At an international symposium held in Lombok from 3 to 6 September, Indonesia’s Coordinating Maritime Affairs Ministry have laid out their proposal for a range of new UNESCO Geoparks to be established in Indonesia, specifically in Lake Toba and Belitung.
The 6th annual Asia Pacific Geoparks Network Symposium, hosted in Lombok, was attended by 612 geologists from 30 countries in the Asia Pacific region. These discussions ultimately inform the UNESCO decision for which areas should be granted protected status. Indonesia’s application was confirmed by Anton Setyo Nugroho, an official at the Coordinating Maritime Affairs Ministry, in an article published by the Jakarta Post.
Sumatra’s Lake Toba is home to the world’s largest volcanic lake, while Belitung is famed for its beaches and eye-catching granite rock formations.
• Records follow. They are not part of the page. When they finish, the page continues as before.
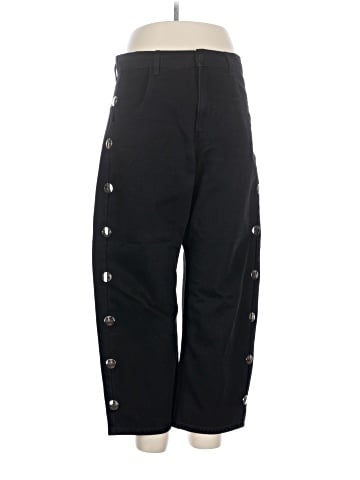 Roucha Jeans (view 1)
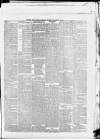 Swansea and Glamorgan Herald Wednesday 25 January 1865 Page 5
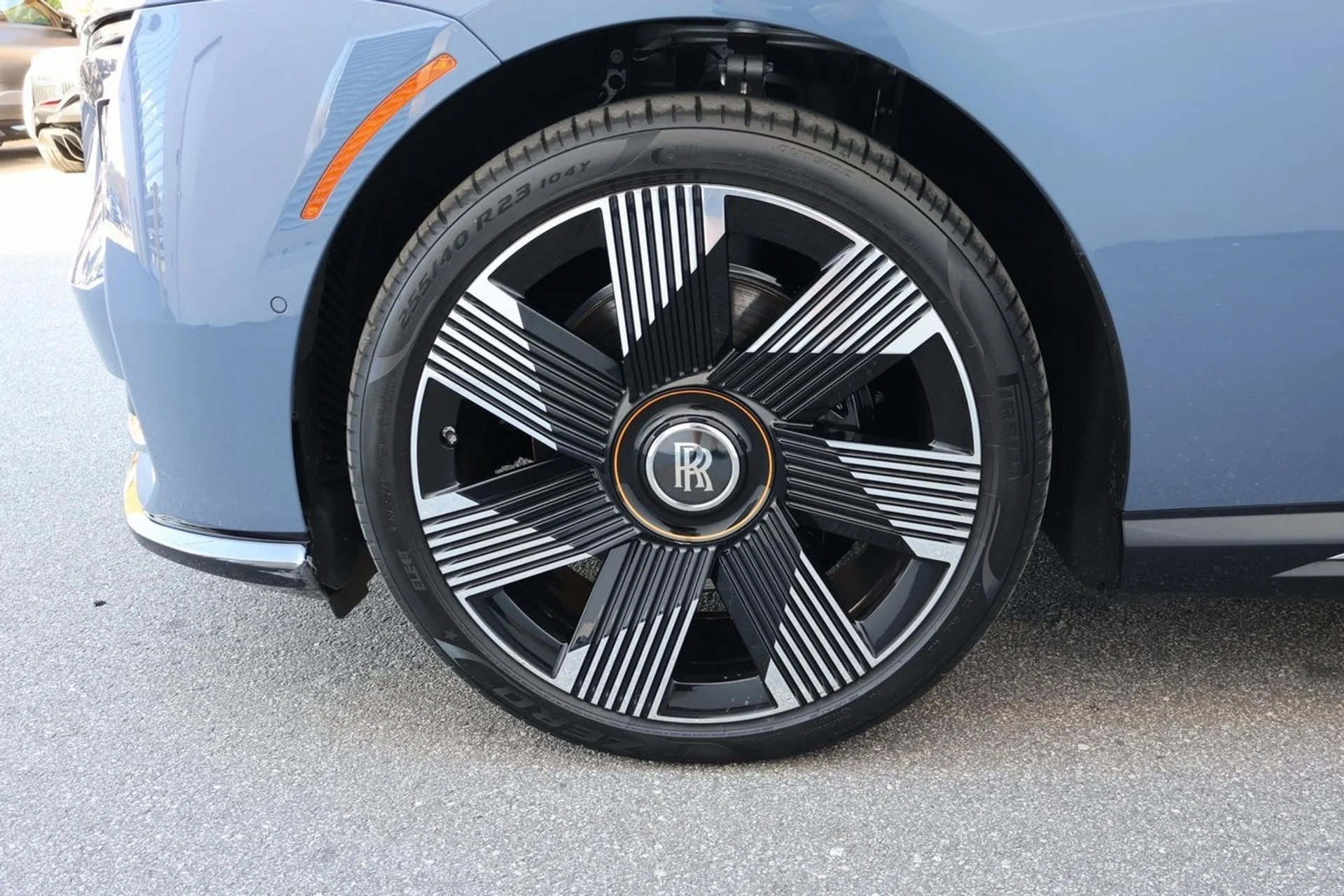 mph010_13885129_11_20f104d376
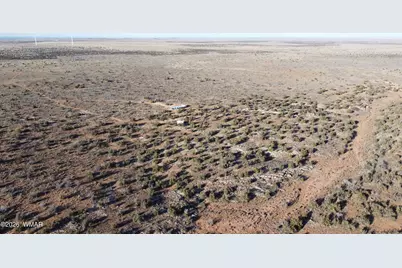 Lot 29 Snowflake Ranches, Snowflake, AZ 85937 - Photo 21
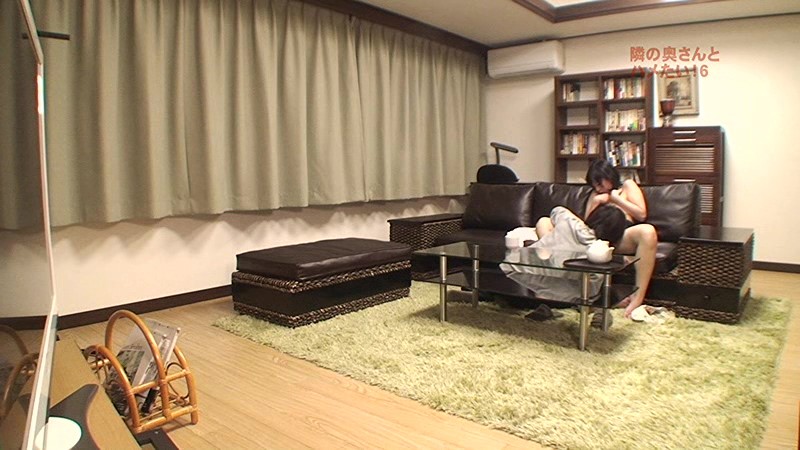 サンプル画像 18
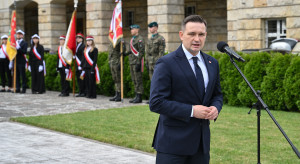 500 osób dziennie traci pracę w europejskim przemyśle przez Chiny. Unia znazła się w pułapce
Four out of 15 national Geoparks in Indonesia have been designated under the network as of 2018. Batur Geopark in Bali was the first to be listed in 2012, followed by Mount Sewu Geopark in 2015. The two other sites, Ciletuh-Pelabuhan Ratu in West Java and Rinjani on Lombok Island, were officially listed in the UNESCO Geopark network last year.
The final decision, based in part on the findings of the Lombok symposium, will be announced at the UNESCO Global Geopark Network (UGGN) summit in Paris in April 2020.